Natural Gas Consumption for Electric Power Use Skyrockets!
Shepstone Management Company, Inc.
Natural gas consumption by the electric power sector keeps steadily rising, year after year, showing there is no better source of power than the clean blue fuel.
Today In Energy has documented the tremendous success of the Shale Revolution with data, more data and irrefutable facts that cannot be ignored. Here is the heart of the story:
In January 2022, natural gas consumed for electric power in the United States averaged 31.6 billion cubic feet per day (Bcf/d), the highest January average on record and the highest amount for any winter month. Natural gas consumed for electric power this past January was higher than in previous Januaries because of high demand for electricity throughout a colder-than-average January combined with less coal-fired electric power generation.
A review of this data for the last two decades (January, 2021 through January, 2022) shows a steady upward trend:
Notice the effect of the shale revolution of natural gas consumption by the power sector, starting about 2007. Usage varies over each year but the overall pattern (plotted as a linear trend) shows steady growth at a fairly constant rate.
More information from this data-driven post at Today In Energy follows:
Natural gas consumption in the electric power sector peaks in the summer when demand for electricity is highest—largely driven by demand for air-conditioning. A smaller peak occurs during the winter, when homes and businesses use heat pumps, electric radiators, space heaters, and other electric heating equipment to heat buildings. The spring and fall seasons have the lowest natural gas consumption for electric power and the lowest overall electricity consumption.
This past January was the coldest January since 2014, which resulted in the highest monthly electricity demand for any January on record. In January 2022, natural gas-fired generators provided 36% of the nation’s electricity, and coal provided 23%. In the previous five Januaries (2017–21), those shares had been much more similar: natural gas at 33% and coal at 27%, on average.
In the electric power sector, natural gas-fired generation units typically compete with coal-fired generation units to provide the lowest-cost wholesale electricity price for power suppliers. Natural gas-fired electric power generation has been higher this past winter than recent winters, in part, because of coal supply constraints and historically low levels of coal stocks at power plants. Coal stocks for the electric power sector fell to 80 million tons in September 2021, which is 37% lower than the five-year average. Recent wholesale power market consumption of unusually high-priced natural gas indicates that the competition between these two energy sources has changed.
Combined-cycle natural gas-fired power plants normally compete directly with coal-fired power plants for the largest share of electricity generation. Net summer capacity (or the maximum output that generating equipment can supply to system load at the time of summer peak demand) has been increasing for natural gas and declining for coal. Natural gas-fired generation capacity at combined-cycle power plants has increased from 218 gigawatts (GW) in 2012 to 278 GW in 2021. By comparison, the capacity of coal-fired power plants has declined from 305 GW in 2012 to 211 GW in 2021.

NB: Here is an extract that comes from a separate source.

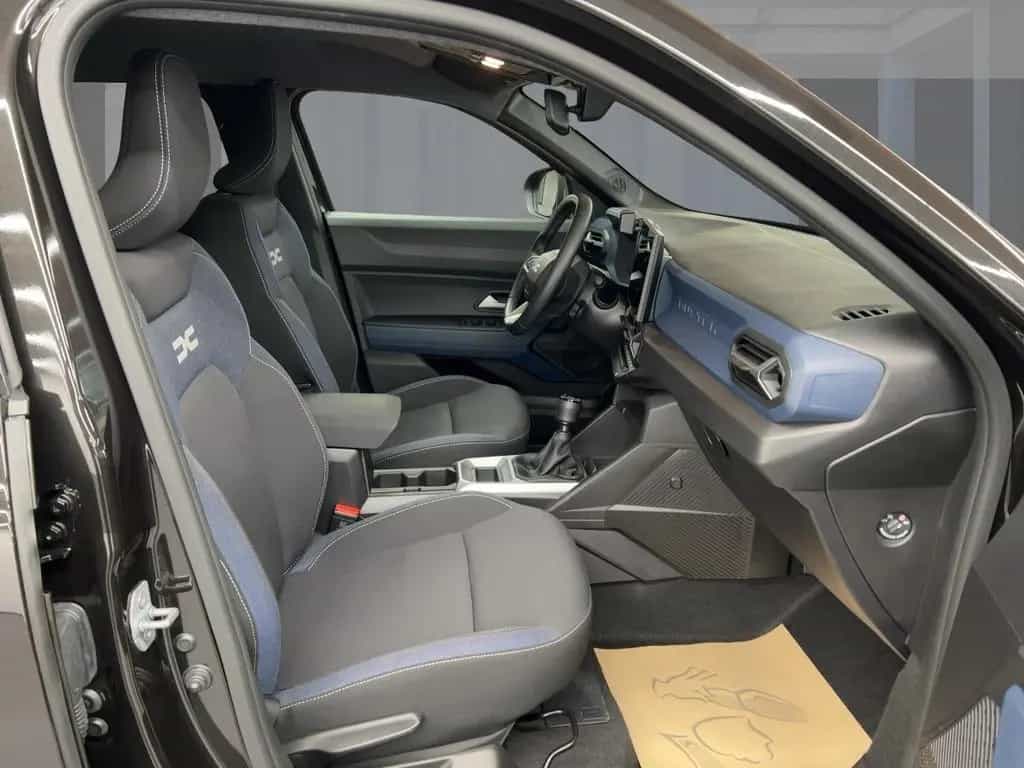 Dacia Duster JOURNEY TCe 130 SITZHEIZUNG 05/2025-photo-7
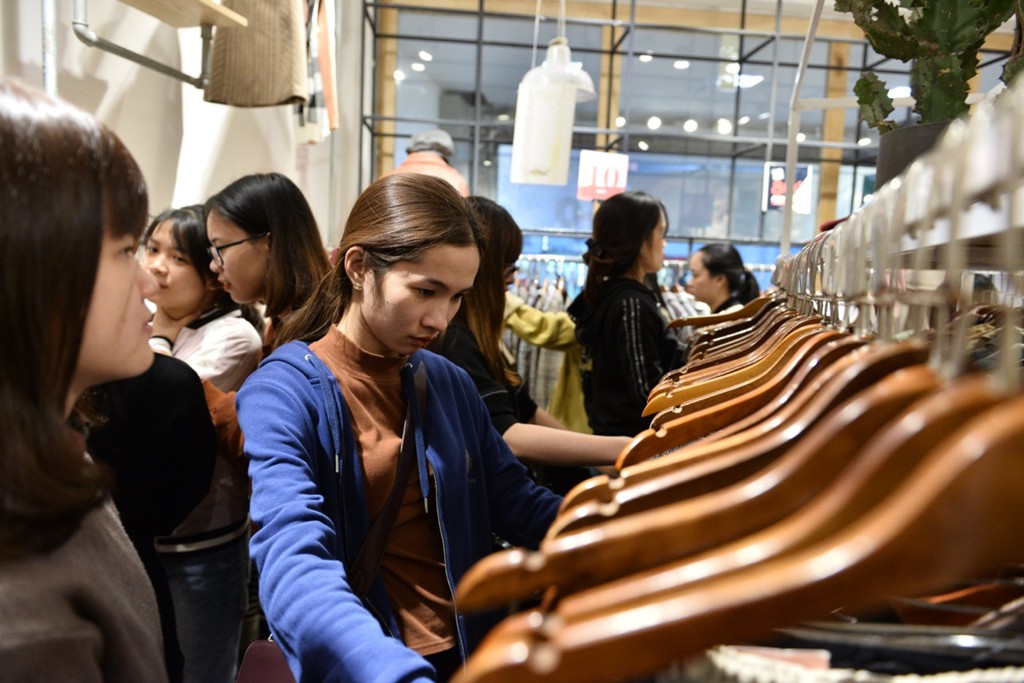 Zara, H&M thu hàng tỉ đồng/ngày tại Việt Nam, cơ hội nào cho Uniqlo? - Ảnh 2.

Two additional charts direct from the post further illustrate. This one shows natural gas consumption by electric power producers is up both absolutely and relative to other fuel sources. Both it and coal grew more than renewables (including hydro) and nuclear is essentially unchanged.
Combined cycle plants with high capacity factors have been taking market share from coal, being the only truly economical, efficient and clean alternative to the latter.
What the data show, in total, is that natural gas consumption is fueling American power production on a scale unmatched by anything else whatsoever. You knew that, of course, but it’s nice to see the proof, isn’t it?